Pendant ce temps, la vaccination s'accélère. D'environ 3 000 par jour, le nombre de doses administrées est passé à 38 000 mercredi, grâce à de nouvelles livraisons de vaccins Sinopharm et Johnson & Johnson. Mais seulement un peu plus de 700 000 personnes ont jusqu'ici été vaccinées.
L'Algérie en manque d'oxygène
En Algérie aussi le variant Delta fait rage. Le pays le plus peuplé du Maghreb (44 millions d'habitants) a enregistré un record quotidien d'infections mercredi 28 juillet, avec 1 927 nouveaux cas, selon le ministère de la Santé. Depuis le début de l'épidémie en février 2020, 168 668 contaminations, dont 4 189 décès, ont été officiellement recensés.
Mais les chiffres officiels - celui des décès en particulier - ne refléteraient pas la réalité, d'après des témoignages de certains professionnels de santé rapportés par les médias. Face à cette troisième vague de la pandémie en Algérie, les autorités ont notamment interdit l'accès à certaines plages et promis d'accélérer la vaccination qui a pris du retard. Près de six mois après le début de la campagne, près de 3,5 millions d'Algériens ont été vaccinés, a précisé jeudi 29 juillet au soir le Premier ministre algérien, Aïmène Benabderahmane.
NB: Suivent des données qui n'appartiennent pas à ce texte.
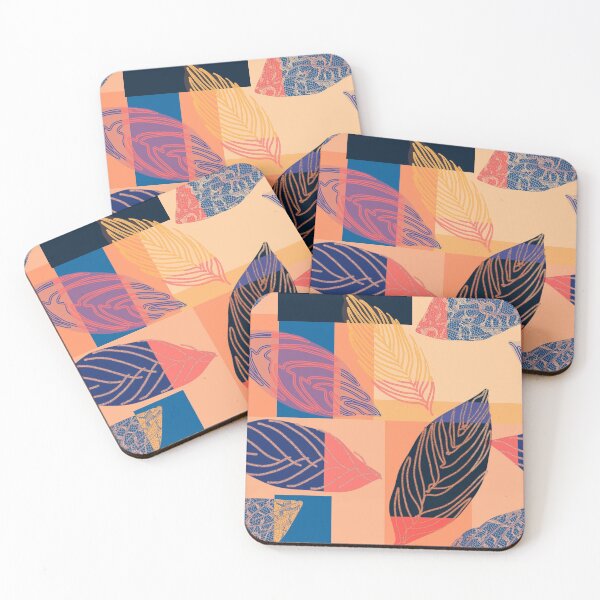 Item preview, Bright Blocked Leaves designed and sold by Odsy.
Mais dans l'immédiat, la priorité est à la pénurie d'oxygène. Des particuliers et certains hôpitaux en manquent en raison notamment de problèmes de gestion des stocks et de distribution. Une entreprise de gaz industriel privée a décidé de dédier une partie de son usine de Blida, à côté d'Alger, à la production et au remplissage de bouteilles d’oxygène médical. Devant l'usine, des citoyens de tous âges, munis d'ordonnances médicales, attendent avec l'espoir de pouvoir obtenir au moins la moitié de la prescription en oxygène. Les bouteilles sont gratuites mais rationnées afin d'aider le plus grand nombre possible de familles en détresse.
Selon des spécialistes de santé interrogés par l'AFP, qui ont souhaité garder l'anonymat, « la production industrielle d'oxygène médical en Algérie couvre largement les besoins hospitaliers », y compris en temps de Covid-19. « Mais les tensions (dans l'approvisionnement) sont le fait d'une mauvaise gestion du circuit de distribution et d'un manque d'anticipation par rapport aux besoins induits par la troisième vague » de la pandémie. Et les grands hôpitaux publics n'ont pas bénéficié de plan prospectif pour remettre en marche ou acquérir des générateurs d'oxygène médical, souligne-t-on de mêmes sources.
Selon le Premier ministre, face à la demande croissante, l'Algérie va importer plus de 160 000 litres d'oxygène ainsi que dix unités de production d'une capacité de 20 000 à 40 000 litres par jour. Elle doit faire venir au moins 15 000 concentrateurs d'oxygène dans les prochaines semaines.